◆ **Task directions**
Below, locate the line that contains "5 T-Shirt Colors". Repeat exactly from that line to the line that contains "Stone Grey - Back - Mascot Plain Beanie", inclusive, leaving out the pictures.

Captioned web image data:
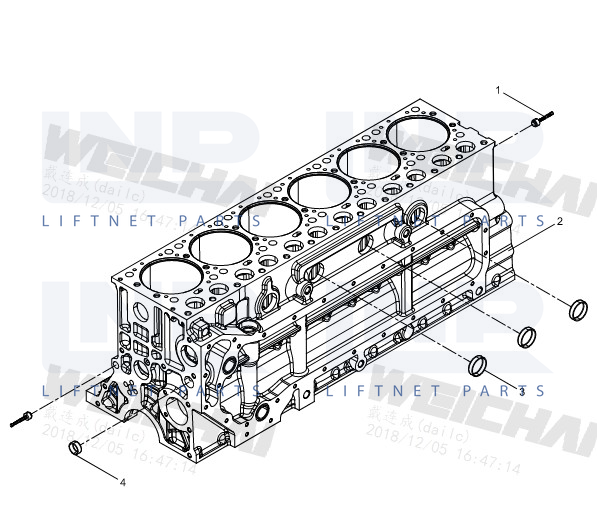 crankcase assembly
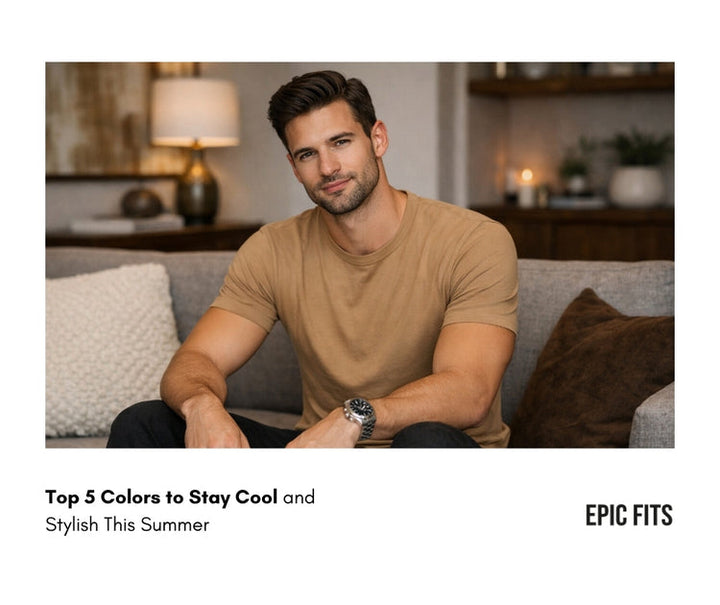 5 T-Shirt Colors to Stay Cool This Summer (2026) – EPIC FITS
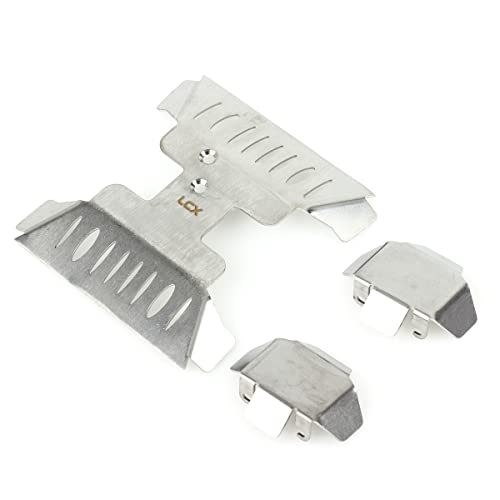 Ensemble de protection d'essieu pour explorer les sentiers rocheux en Capra Axial - 6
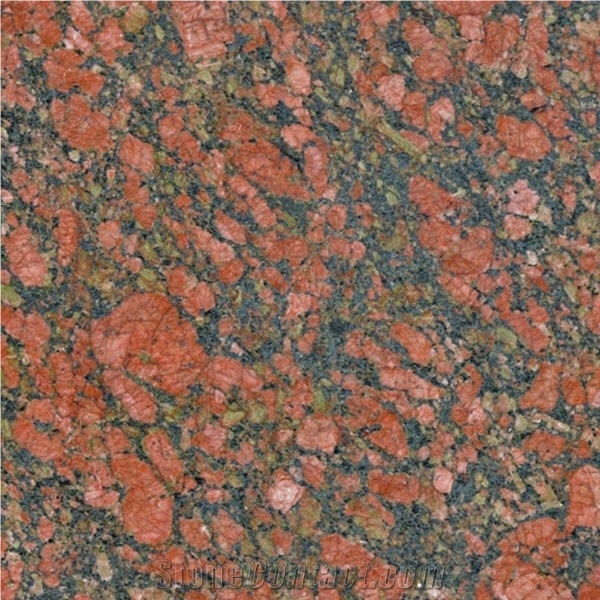 Moss Granite Tile,Finland Red Granite Tile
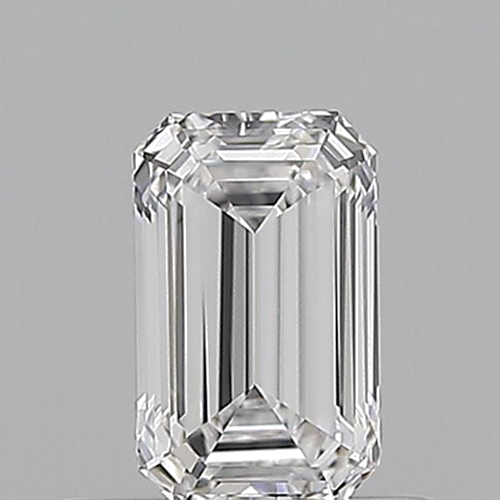 0.51 carat D-VVS1 Natūralus Emerald Deimantas (1)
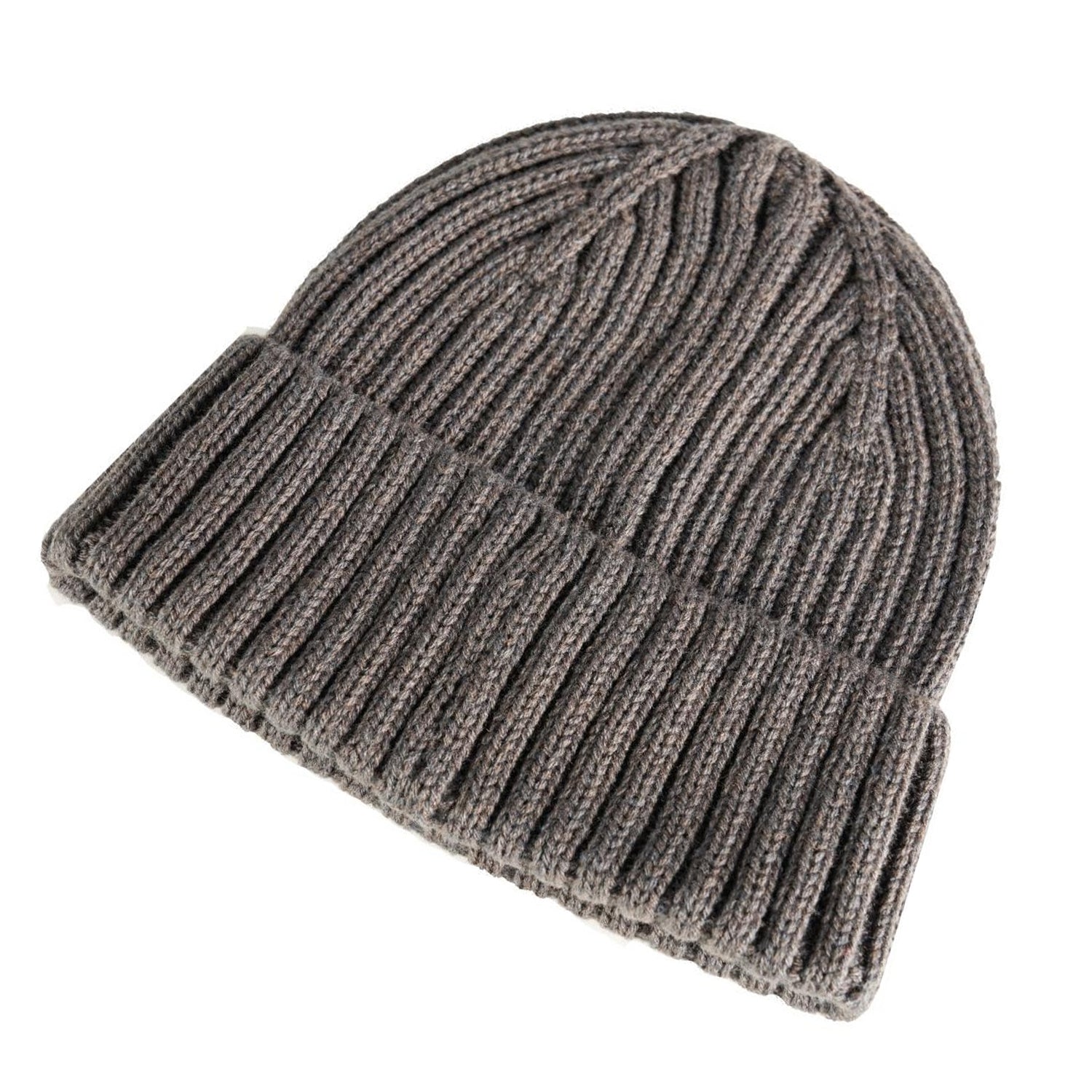 Stone Grey - Back - Mascot Plain Beanie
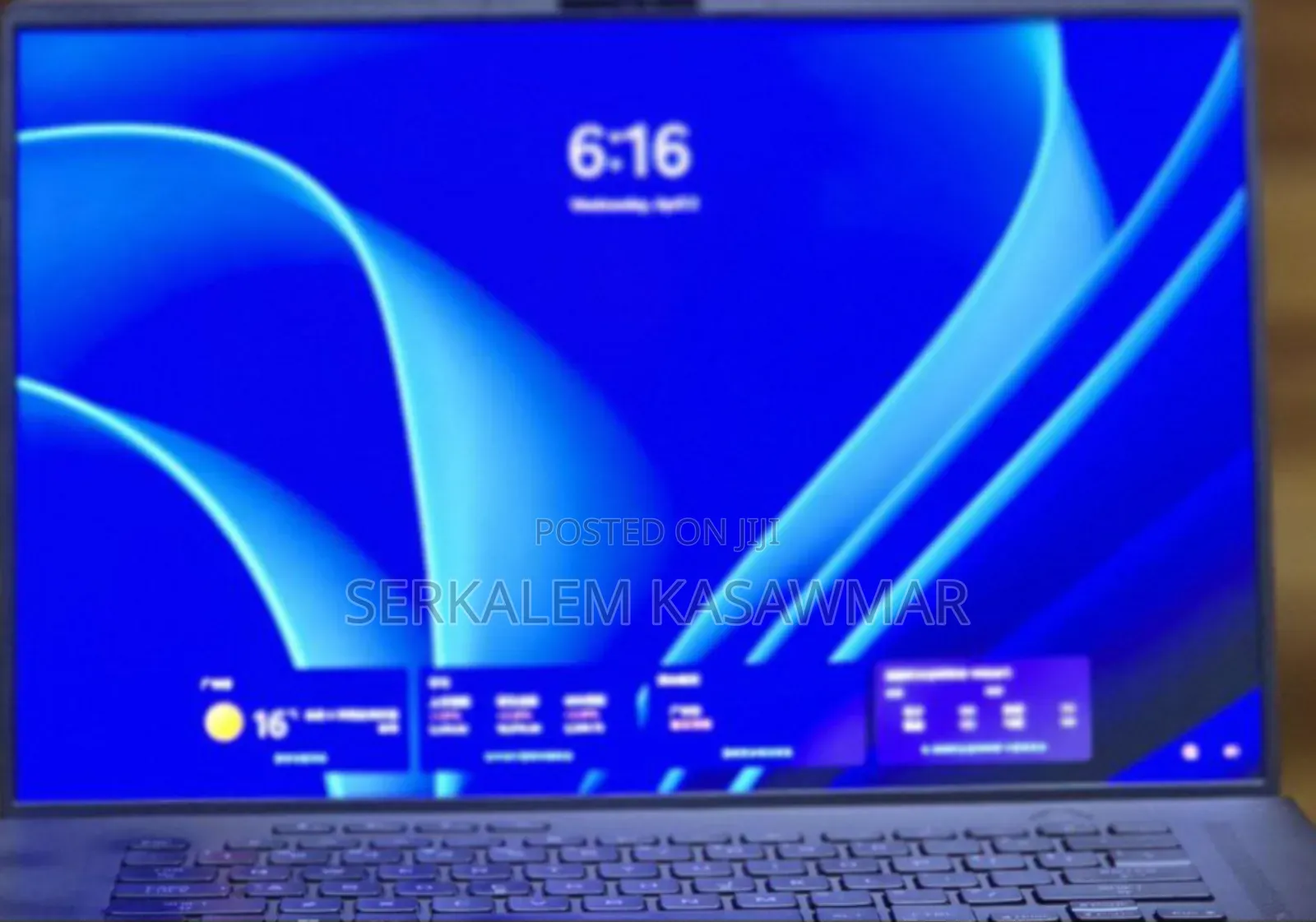 New Laptop Asus ROG Zephyrus M16 GU603HR 16GB Intel Core I9 SSD 1T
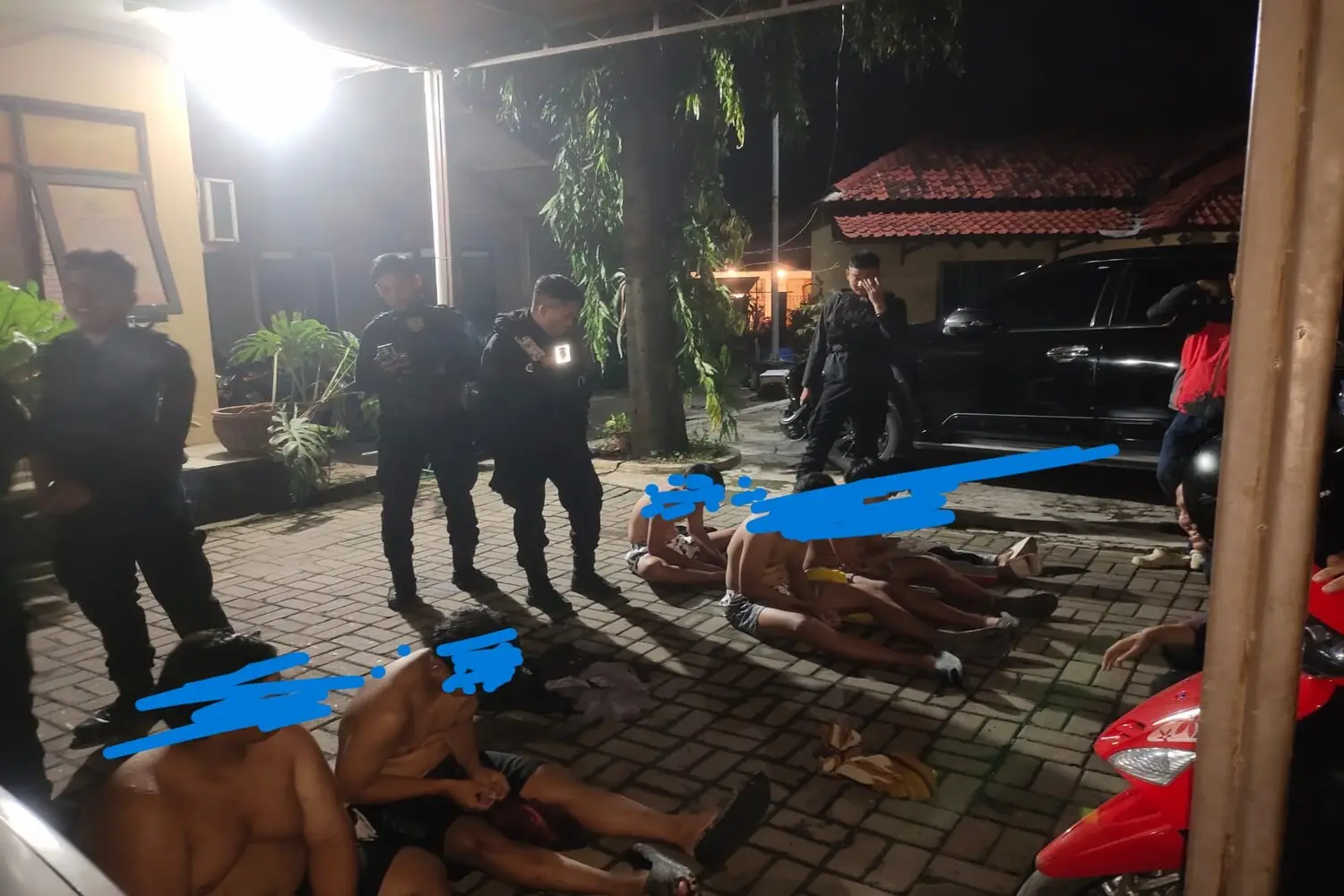 Perang Sarung Digagalkan, 6 Pelajar di Karawang Diciduk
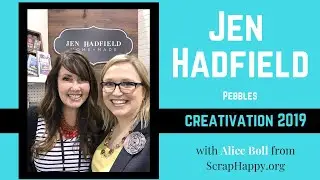 Jen Hadfield Creativation 2019
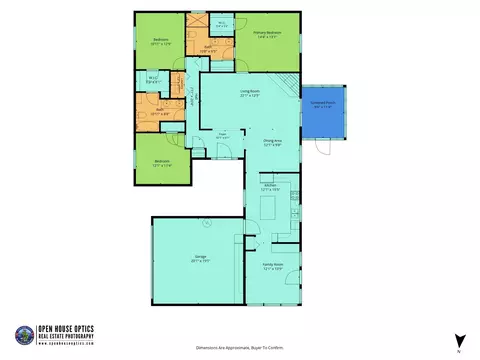 Floorplan - 26 Lee Dr, Saint Augustine, FL 32080 photo 1 of 1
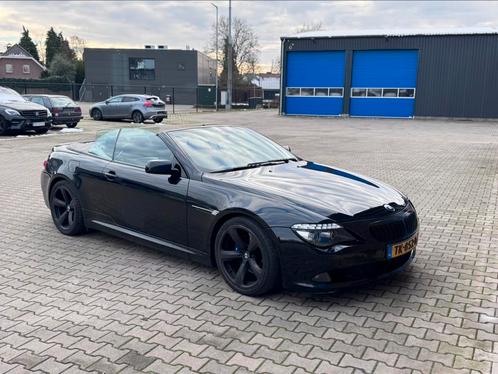 BMW 635d Bi-Turbo 286pk Cabriolet E64 High Executive Head-Up, Auto's, BMW, Particulier, 6 Reeks, ABS, Adaptieve lichten, Adaptive Cruise Control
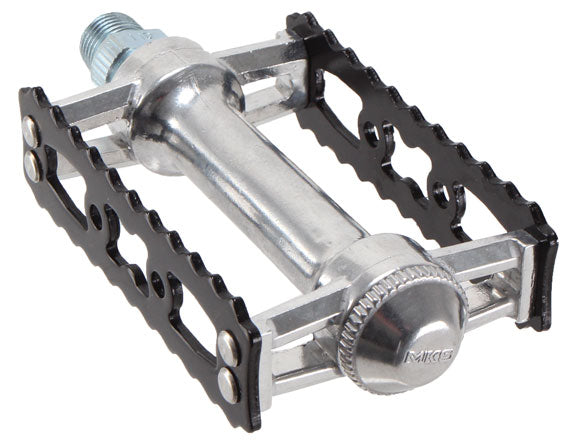 NEW MKS Sylvan Touring Pedals, Black/Silver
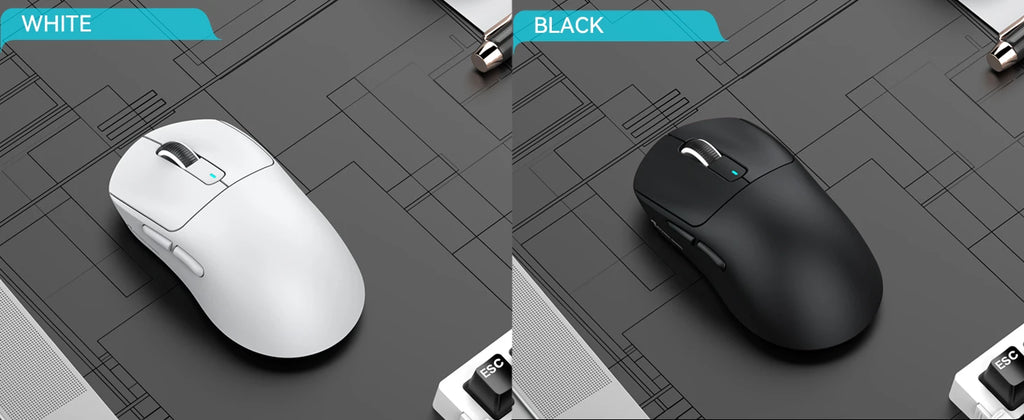 Wireless Gaming Mouse Sensor, Programmable Buttons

◆ **Written answer**
 5 T-Shirt Colors to Stay Cool This Summer (2026) – EPIC FITS
 Ensemble de protection d'essieu pour explorer les sentiers rocheux en Capra Axial - 6
 Moss Granite Tile,Finland Red Granite Tile
 0.51 carat D-VVS1 Natūralus Emerald Deimantas (1)
 Stone Grey - Back - Mascot Plain Beanie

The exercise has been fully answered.